L’Association parlementaire canadienne de l’OTAN a l’honneur de présenter son rapport sur la Visite du Groupe spécial Méditerranée à Naples, en Italie, les 14 et 15 juin 2009. Cet événement, qui regroupait plus de 40 députés de tous les pays membres de l’OTAN, d’Afrique du Nord et du Moyen-Orient, était présidé par Vahit Erdem (Turquie) et organisé par le chef de la délégation italienne à l’Association parlementaire de l’OTAN, Sergio De Gregorio. La sénatrice Raynell Andreychuk représentait la délégation canadienne.

INTRODUCTION

La rencontre a commencé par l’exposé du ministre d’État Mehmet Aydin, de la Turquie, qui a souligné la nécessité de relancer « l’Alliance des Civilisations », notamment en ciblant les jeunes, qui représentent une bonne partie de la population grandissante de la région méditerranéenne.

MIGRATION DANS LA RÉGION MÉDITERRANÉENNE

La migration constituait l’un des principaux thèmes de la rencontre, et les participants ont entendu les témoignages des spécialistes Massimo Livi Bacci, de l’Université de Florence, et Derek Lutterbeck, de l’Académie méditerranéenne d’études diplomatiques de l’Université de Malte.

Le Dr Bacci a souligné que, bien que la croissance de la population en Afrique du Nord soit au ralenti, le taux de croissance dans cette région et en Afrique subsaharienne demeure tout de même suffisamment élevé pour que de nombreux migrants non en règle s’infiltrent en Europe, à moins que le problème soit réglé à sa source. Après un aperçu général du revenu par habitant et du rendement du produit intérieur brut dans les pays d’Europe, du Moyen-Orient et d’Afrique subsaharienne, le Dr Bacci a souligné l’écart grandissant entre les performances économiques de l’Europe et celles de l’Afrique et l’écart qui persiste entre les taux de natalité de ces deux régions. En conséquence, des facteurs « poussent » les immigrants à quitter leur lieu de naissance et les « attirent » sur l’autre rive de la Méditerranée.

Le mouvement migratoire au-delà de la Méditerranée a entraîné de nouvelles tendances politiques, avec l’établissement de quotas, de besoins en matière de compétences et de critères restrictifs concernant la réunion des familles. Selon le Dr Bacci, l’absence d’une gouvernance européenne chargée de régler les questions liées à l’immigration pose un problème important. Celui-ci a aussi fait ressortir la nécessité de protéger davantage les droits des migrants.
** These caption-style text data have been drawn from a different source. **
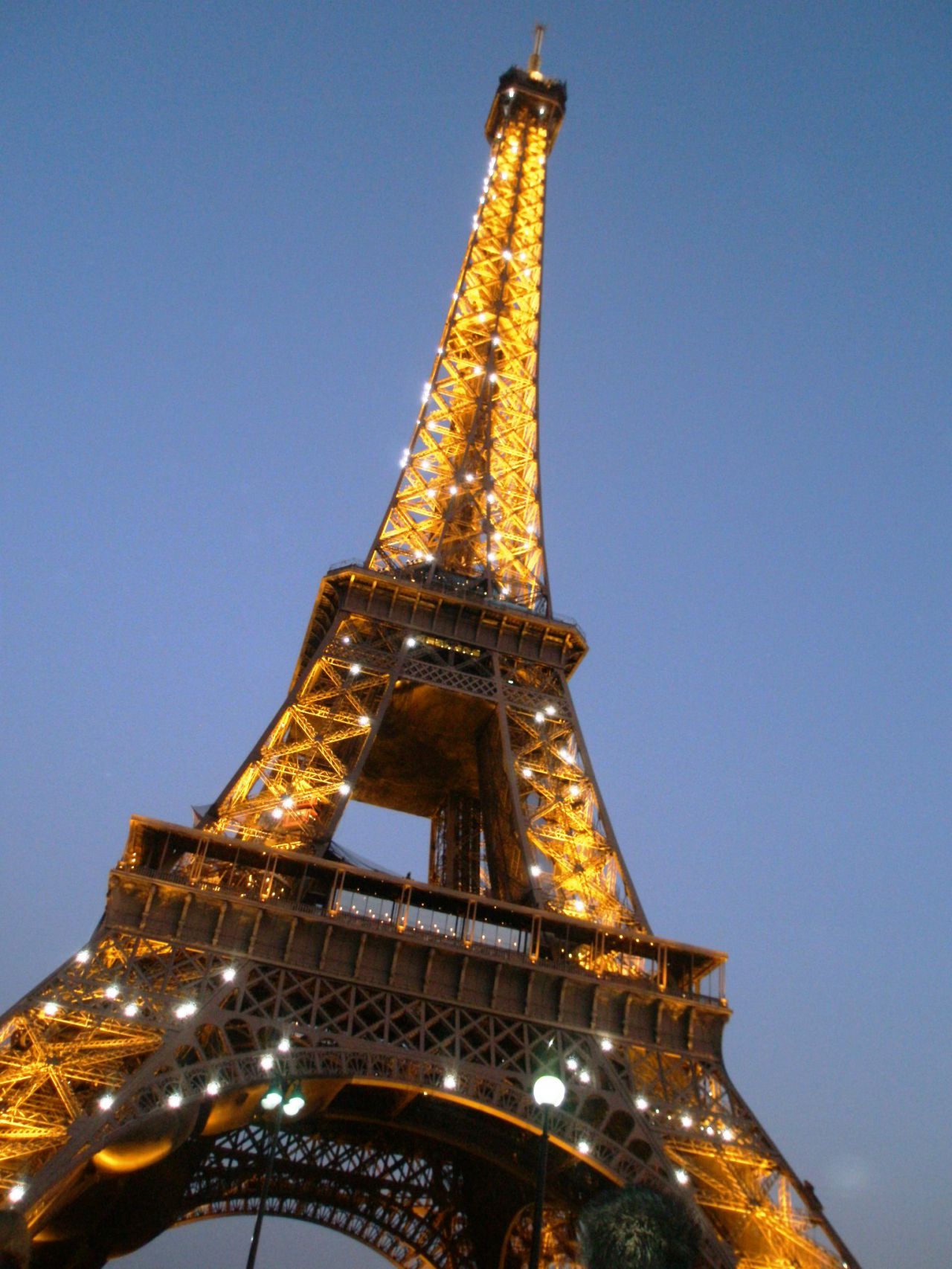 Torre Eiffel iluminada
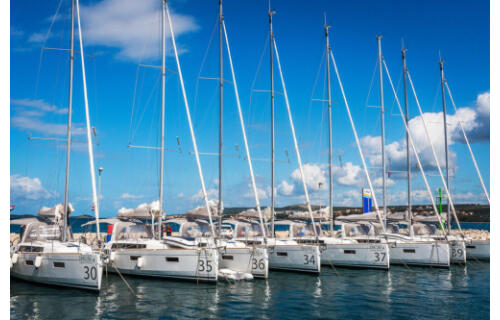 Sailing yacht 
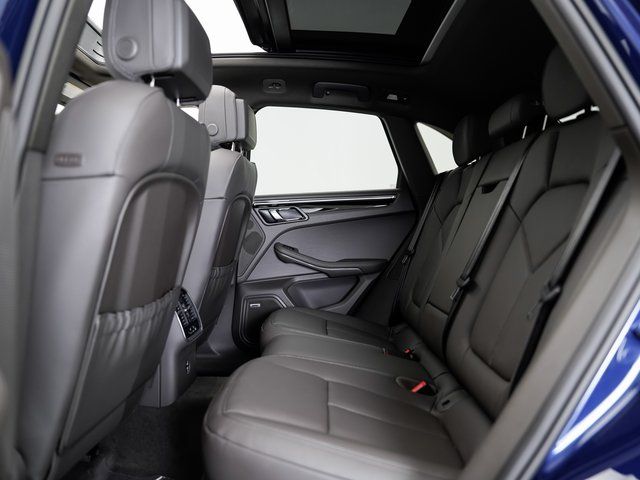 2025 Porsche Macan T - Photo 25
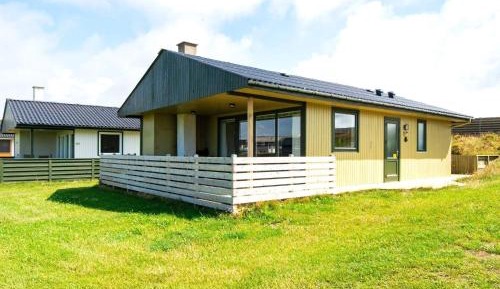 Three-Bedroom Vacation Home 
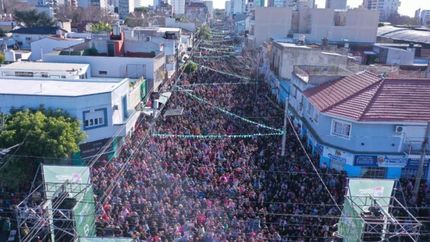 Los festejos por los 150 años fueron un éxito. Los festejos por los 150 años fueron un éxito.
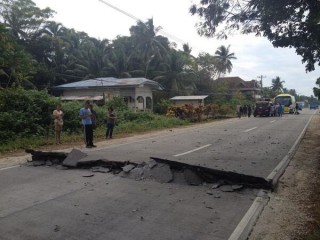 Paaie beskadig in Bohol. Foto: @tokyodrastic / Twitter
D’après le Dr Lutterbeck, la coopération entre les pays de la région semble avoir réduit le nombre de migrants illégaux. Par contre, il ne sait pas trop si un contrôle accru des frontières permettrait de régulariser la migration ou si cela la ferait simplement dévier vers des trajets différents. Le Dr Lutterbeck a aussi expliqué que les pays du sud de la Méditerranée ne disposaient pas d’une infrastructure adéquate pour accepter les migrants qui rentrent chez eux et que peu de pays étaient prêts à admettre de nouveau leurs migrants sans toucher la moindre indemnité. Il a aussi insisté sur la nécessité de trouver un équilibre entre la préservation des droits de la personne et la sécurité, ce qui, d’après lui, représente le plus grand défi que la communauté internationale ait à relever lorsqu’il s’agit de gérer la migration dans la région méditerranéenne.

RÉPERCUSSIONS DES TENDANCES ÉCONOMIQUES MONDIALES DANS LE GOLFE ET LA RÉGION MÉDITERRANÉENNE

Tariq Yousef, doyen de l’École d’administration publique de Dubaï, a fourni un cadre d’analyse des incidences des tendances économiques mondiales au sein des pays du Conseil de coopération du Golfe (CCG). D’après ce cadre, ces pays ont trois principaux défis à relever : l’emploi, la mondialisation et le gouvernement. D’abord, leur population, jeune et en pleine croissance, doit trouver des emplois utiles. Ensuite, ces pays doivent développer leurs économies en s’intégrant aux marchés mondiaux. Enfin, ils doivent améliorer la reddition de compte, la transparence et la démocratie de leur gouvernement ainsi que leur capacité de trouver des solutions à la sécurité.

Silvia Valli, chef de l’Unité des affaires économiques internationales du ministère de l’Économie et des Finances de l’Italie, a étudié les effets de la crise financière en Europe et en Italie. La réponse la plus flagrante à la crise a été l’adaptation extraordinairement vaste des politiques de la communauté internationale à la situation. Selon la Dre Valli, les pires effets de la crise actuelle sont terminés, et quelques signaux indiquent que la situation s’améliore lentement.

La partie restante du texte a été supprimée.